The group concluded that if Potter had knowledge of a failure to file a filing required under Hogwarts’ CDA the same was material and must be disclosed at or before the time of trade to their retail and non-SMMP investors.
The group turned to the second potential exposure — “is Potter’s decision not to bid the Hogwarts’ new issue due to poor disclosure history and lack of confidence in Hogwarts’ ability to comply prospectively material information?”
Several in the group took the view that the decision not to underwrite due to poor disclosure history and lack of confidence in Hogwarts’ ability to comply with their obligations was material while other participants voiced skepticism. The group, however, agreed that, given the heightened focus on protection of the retail investor and meeting disclosure obligations, it would be prudent to treat this information as material.

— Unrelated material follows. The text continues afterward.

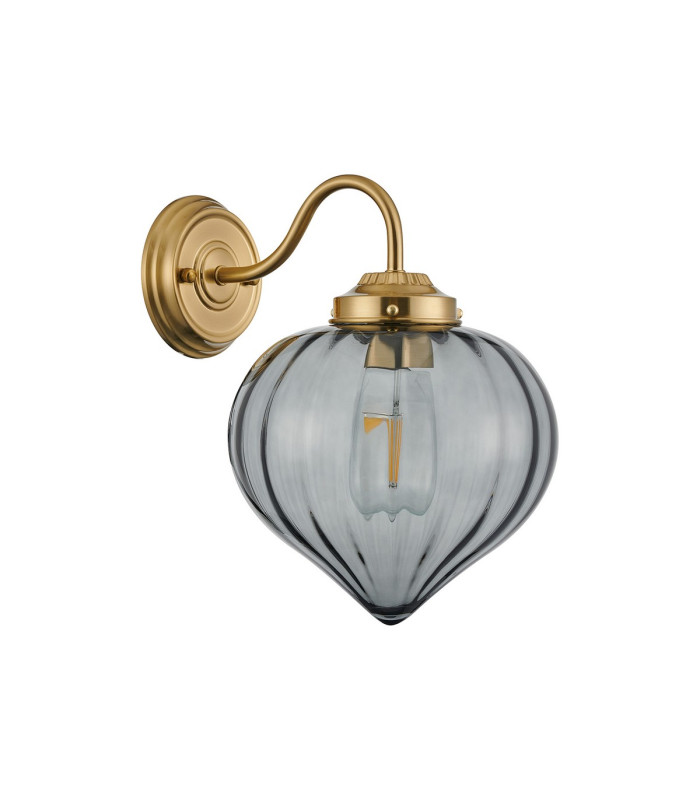 Afton Wall Light Flower Bud Shade 1 x E27 Brass/Smoke-4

Is Potter required to disclose to retail and non-SMMP investors this “material information” it learned by participating in the underwriting of Hogwarts?

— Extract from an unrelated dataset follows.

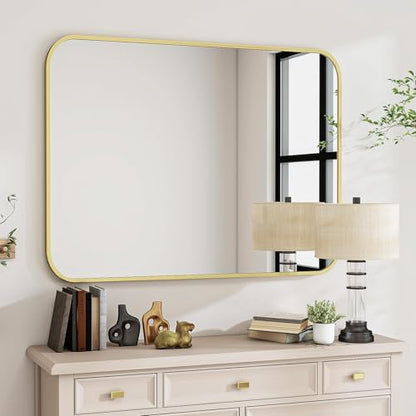 BEAUTYPEAK 30x40 Black Metal Frame Rectangle Vanity Mirror,Rounded Corners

Returning to G-47 and the Supplementary Material:
Processes and Procedures. Brokers, dealers, and municipal securities dealers must implement processes and procedures reasonably designed to ensure that material information regarding municipal securities is disseminated to registered representatives who are engaged in sales to and purchases from a customer. MSRB Rule G-47, Supplementary Material .04. (Emphasis Supplied)
In our example, Potter (the broker-dealer) is aware of material information. The Supplementary Material to G-47 makes clear that it needs to have procedures reasonably designed to ensure that the material information gets to their registered representatives. Potter’s registered representatives, must ensure they disclose the same to the retail and non-SMMP investor.
Our discussion turned to how one ensures that information a firm learns during its underwriting of a new issue is properly identified and communicated internally to meet its obligation to disclose material information at or before the time of trade to retail and non-SMMP investors. A discussion ensued about technology that enables this task to be accomplished easily during the underwriting process whereby the underwriter’s observations and conclusions can be easily tagged to all outstanding bonds for that issuer thereby ensuring the “material information” is disseminated to the registered representative for their communication to the retail and non-SMMP investor.
For broker dealers engaged in the purchase and sale of municipal securities from/to retail and non-SMMP clients, the question is “are they aware of all of the material information about the bond that is reasonably accessible and in the hands of their firm?” In this regard, the heightened focus on protection of the retail investor and disclosure overall may present an additional requirement for broker-dealers that many have not considered – the disclosure of what your underwriter concludes regarding an issuer’s compliance with prior continuing disclosure obligations and their assessment of whether that issuer will comply prospectively.
Based on discussions with market participants, the above issue may be an exposure for many broker-dealers. We encourage you to review existing policies and procedures around disclosure to contemplate how to address this scenario. While new regulations and the enforcement of new and existing rules and regulations have created a burden on many, the use of technology can be an efficient solution.